Task directions: Keep only the lines of the listing that include the word "Blank", and copy them.

====== Information supplied ======

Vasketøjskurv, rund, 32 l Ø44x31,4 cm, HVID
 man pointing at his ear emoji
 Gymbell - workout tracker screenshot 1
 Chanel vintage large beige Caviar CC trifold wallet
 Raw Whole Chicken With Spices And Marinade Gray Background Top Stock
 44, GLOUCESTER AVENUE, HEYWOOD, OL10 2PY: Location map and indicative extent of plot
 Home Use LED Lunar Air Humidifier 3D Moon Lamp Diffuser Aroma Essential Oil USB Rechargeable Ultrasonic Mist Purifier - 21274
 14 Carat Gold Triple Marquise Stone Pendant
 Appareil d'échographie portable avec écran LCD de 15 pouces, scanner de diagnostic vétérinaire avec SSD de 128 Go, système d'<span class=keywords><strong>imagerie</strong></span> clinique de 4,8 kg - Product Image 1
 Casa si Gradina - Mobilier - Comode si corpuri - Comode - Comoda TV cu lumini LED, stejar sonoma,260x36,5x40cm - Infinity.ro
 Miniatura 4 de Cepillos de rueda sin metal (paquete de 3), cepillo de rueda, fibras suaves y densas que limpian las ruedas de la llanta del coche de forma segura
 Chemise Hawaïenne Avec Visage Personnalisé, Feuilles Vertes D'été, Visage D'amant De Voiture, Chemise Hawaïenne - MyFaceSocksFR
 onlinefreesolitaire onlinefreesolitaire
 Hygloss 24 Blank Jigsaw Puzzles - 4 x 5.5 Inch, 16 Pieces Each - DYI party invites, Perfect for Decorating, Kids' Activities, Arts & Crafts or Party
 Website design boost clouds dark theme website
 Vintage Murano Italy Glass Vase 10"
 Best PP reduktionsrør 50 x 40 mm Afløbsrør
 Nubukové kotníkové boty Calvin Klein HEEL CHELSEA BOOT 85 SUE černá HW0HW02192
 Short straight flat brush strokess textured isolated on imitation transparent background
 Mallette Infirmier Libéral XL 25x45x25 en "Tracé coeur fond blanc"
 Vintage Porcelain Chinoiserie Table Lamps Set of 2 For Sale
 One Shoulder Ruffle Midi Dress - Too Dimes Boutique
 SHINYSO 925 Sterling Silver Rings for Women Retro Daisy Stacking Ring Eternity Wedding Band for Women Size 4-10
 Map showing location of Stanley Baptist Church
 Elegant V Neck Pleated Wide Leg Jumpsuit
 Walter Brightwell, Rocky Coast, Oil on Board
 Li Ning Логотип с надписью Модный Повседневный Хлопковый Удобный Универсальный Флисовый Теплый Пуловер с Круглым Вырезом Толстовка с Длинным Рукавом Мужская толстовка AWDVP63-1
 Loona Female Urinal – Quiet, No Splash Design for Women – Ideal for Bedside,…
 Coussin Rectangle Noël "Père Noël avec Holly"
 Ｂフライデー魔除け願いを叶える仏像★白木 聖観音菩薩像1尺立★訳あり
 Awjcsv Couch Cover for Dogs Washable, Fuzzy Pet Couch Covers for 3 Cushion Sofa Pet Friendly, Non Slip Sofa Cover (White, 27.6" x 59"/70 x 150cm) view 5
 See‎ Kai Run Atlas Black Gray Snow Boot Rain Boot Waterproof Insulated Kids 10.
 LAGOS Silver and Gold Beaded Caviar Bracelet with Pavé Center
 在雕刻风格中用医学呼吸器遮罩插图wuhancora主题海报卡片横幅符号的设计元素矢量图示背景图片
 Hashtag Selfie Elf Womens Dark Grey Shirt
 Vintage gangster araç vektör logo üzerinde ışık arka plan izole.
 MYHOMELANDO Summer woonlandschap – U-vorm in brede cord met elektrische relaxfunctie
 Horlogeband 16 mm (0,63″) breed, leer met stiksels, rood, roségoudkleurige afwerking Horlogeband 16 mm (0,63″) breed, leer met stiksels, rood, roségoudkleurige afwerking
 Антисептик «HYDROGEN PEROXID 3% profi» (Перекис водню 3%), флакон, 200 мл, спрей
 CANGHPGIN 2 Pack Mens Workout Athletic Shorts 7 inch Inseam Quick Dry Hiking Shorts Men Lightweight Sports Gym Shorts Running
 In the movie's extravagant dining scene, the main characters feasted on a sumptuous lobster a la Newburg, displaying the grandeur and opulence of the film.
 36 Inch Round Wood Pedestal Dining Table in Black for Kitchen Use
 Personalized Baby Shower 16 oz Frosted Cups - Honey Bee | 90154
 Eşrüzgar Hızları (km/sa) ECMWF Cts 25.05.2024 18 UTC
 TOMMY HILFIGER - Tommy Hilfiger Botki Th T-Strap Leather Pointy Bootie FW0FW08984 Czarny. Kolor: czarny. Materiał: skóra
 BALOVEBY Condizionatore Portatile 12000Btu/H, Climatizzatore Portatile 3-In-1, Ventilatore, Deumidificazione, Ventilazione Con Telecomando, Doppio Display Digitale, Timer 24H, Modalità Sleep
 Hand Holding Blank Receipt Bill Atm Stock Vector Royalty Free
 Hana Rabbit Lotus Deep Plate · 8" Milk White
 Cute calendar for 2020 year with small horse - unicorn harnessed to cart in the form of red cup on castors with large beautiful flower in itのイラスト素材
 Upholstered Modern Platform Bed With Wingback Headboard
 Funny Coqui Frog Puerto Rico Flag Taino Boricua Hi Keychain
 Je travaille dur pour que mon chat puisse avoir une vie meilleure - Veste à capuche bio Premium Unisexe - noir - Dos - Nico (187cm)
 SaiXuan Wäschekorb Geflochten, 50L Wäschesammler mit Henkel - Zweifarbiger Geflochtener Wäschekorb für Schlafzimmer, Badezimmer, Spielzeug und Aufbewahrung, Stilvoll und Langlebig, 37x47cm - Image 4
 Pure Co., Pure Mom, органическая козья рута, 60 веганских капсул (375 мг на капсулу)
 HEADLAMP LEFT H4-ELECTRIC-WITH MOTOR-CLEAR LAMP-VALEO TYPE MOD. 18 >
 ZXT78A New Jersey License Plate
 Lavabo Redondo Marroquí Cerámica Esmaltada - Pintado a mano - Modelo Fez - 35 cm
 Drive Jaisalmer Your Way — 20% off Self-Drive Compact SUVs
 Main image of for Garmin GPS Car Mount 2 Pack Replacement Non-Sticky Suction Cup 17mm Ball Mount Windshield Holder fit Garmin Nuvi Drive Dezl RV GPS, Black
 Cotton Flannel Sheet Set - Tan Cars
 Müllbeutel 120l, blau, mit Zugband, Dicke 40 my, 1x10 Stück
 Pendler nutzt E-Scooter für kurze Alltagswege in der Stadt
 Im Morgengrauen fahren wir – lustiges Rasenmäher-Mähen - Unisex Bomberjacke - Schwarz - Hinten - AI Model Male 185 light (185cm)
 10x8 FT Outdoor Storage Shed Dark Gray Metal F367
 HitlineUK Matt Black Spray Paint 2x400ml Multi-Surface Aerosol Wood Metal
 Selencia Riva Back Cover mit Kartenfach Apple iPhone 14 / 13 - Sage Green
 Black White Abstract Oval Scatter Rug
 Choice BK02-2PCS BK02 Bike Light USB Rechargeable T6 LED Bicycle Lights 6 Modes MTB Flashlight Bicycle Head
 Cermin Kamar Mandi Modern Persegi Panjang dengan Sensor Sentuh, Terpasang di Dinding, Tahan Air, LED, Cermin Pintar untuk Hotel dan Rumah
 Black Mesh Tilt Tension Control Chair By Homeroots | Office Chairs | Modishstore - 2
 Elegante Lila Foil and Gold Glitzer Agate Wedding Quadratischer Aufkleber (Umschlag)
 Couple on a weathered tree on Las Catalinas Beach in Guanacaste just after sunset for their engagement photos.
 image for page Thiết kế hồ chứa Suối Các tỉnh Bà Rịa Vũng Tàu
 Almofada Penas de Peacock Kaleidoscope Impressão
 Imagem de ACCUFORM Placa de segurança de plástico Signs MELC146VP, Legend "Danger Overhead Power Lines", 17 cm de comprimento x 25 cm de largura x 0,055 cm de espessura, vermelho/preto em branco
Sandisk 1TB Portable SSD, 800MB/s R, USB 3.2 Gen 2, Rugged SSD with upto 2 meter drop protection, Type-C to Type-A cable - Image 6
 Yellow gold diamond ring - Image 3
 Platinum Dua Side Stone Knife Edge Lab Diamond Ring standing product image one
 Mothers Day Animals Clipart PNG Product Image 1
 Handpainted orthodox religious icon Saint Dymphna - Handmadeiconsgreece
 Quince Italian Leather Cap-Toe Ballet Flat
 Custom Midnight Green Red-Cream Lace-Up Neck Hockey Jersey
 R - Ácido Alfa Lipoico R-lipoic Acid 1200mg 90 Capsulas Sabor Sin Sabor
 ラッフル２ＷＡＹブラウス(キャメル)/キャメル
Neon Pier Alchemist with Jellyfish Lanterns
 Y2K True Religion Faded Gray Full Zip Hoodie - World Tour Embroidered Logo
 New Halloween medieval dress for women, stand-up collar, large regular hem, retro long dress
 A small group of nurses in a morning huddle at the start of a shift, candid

======

Answer:
 Hygloss 24 Blank Jigsaw Puzzles - 4 x 5.5 Inch, 16 Pieces Each - DYI party invites, Perfect for Decorating, Kids' Activities, Arts & Crafts or Party
 Hand Holding Blank Receipt Bill Atm Stock Vector Royalty Free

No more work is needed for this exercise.